The German physicist Manfred von Ardenne confirms in his memoirs, as he did to me personally in an interview in 1989, that Hahn told him in 1940 that critical mass would be on the order of kilograms, not tons, citing Heisenberg as his source. The fact that Heisenberg had calculated a roughly correct value for critical mass is also demonstrated by his answer to a question during the June 1942 conference in Berlin with Albert Speer. In a letter to Samuel Goudsmit of October 3, 1948, Heisenberg wrote: "General Field Marshall Milch asked me approximately how large a bomb would be, of which the action was sufficient to destroy a large city. I answered at that time, that the bomb, that is the essentially active part, would have been about the size of a pineapple." (Goudsmit papers, American Institute of Physics) The "essentially active part" of a bomb is called the core. Erich Bagge, who was also present at the meeting with Speer, told interviewers, including me, that Heisenberg had shaped his hands in the air to suggest an object about the size of a "football." ...
So there seems to be some residual uncertainty over what Heisenberg knew and when. I guess I'll have to look at the transcripts again, but I distinctly recall Heisenberg being confused about the required critical mass for a bomb. He may very well have worked out the correct figure by his colloquium the following day, but of course that was with the additional knowledge that the Americans had actually produced a working bomb! As all theoreticians know, it's much easier to produce the right calculation once you know the final answer ;-)

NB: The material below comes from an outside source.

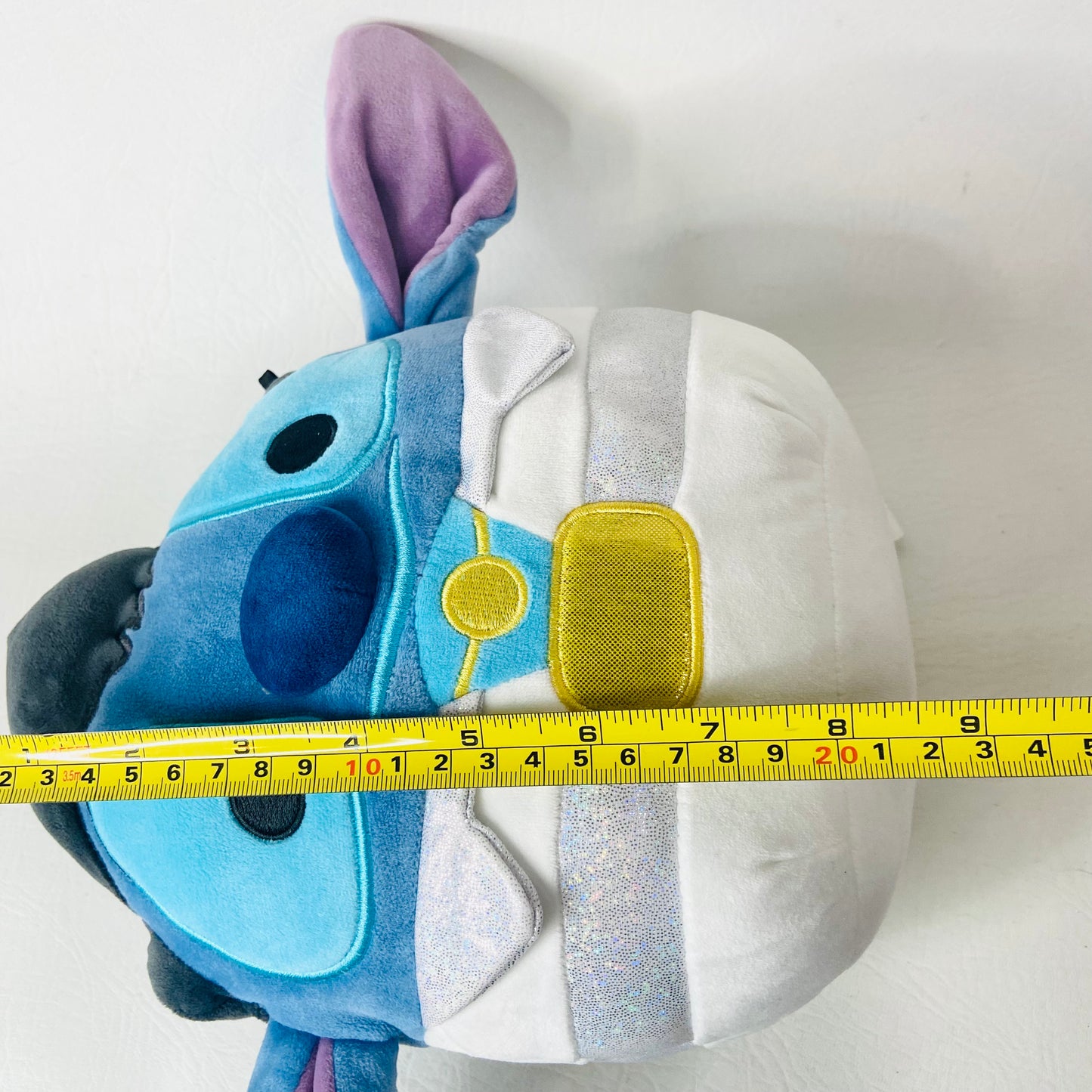 Squishmallows x Disney Kellytoy Lilo & Stitch "Elvis the Stitch" Plush 8in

An amusing story related by Powers:
... In a letter written to me a few years back the Italian physicist Ugo Fano described a party at the Ann Arbor, Michigan, home of Samuel Goudsmit, scientific director of the Alsos mission, in late August 1939. There two Nobel Prize–winning physicists, Werner Heisenberg, soon to return to Germany, and Enrico Fermi, a refugee from Mussolini's Italy, were both honored guests. "At that party," Fano writes, "[Edoardo] Amaldi drew me aside to point out its humor: 'See Fermi, see Heisenberg, sitting in that corner. Everyone in this room expects a big war and the two of them to lead fission work on opposite sides, but nobody says!'" (Letter of September 18, 1993) Within a month Heisenberg had in effect been drafted to do theoretical work on bomb physics and he soon wrote two papers which were the basis of further German research during the war.
2 comments:
So, the Nazi atomic bomb effort primarily consisted of physicists noodling around on paper?
Thank God for that!
Why don't you walk down the hall and ask Csonka?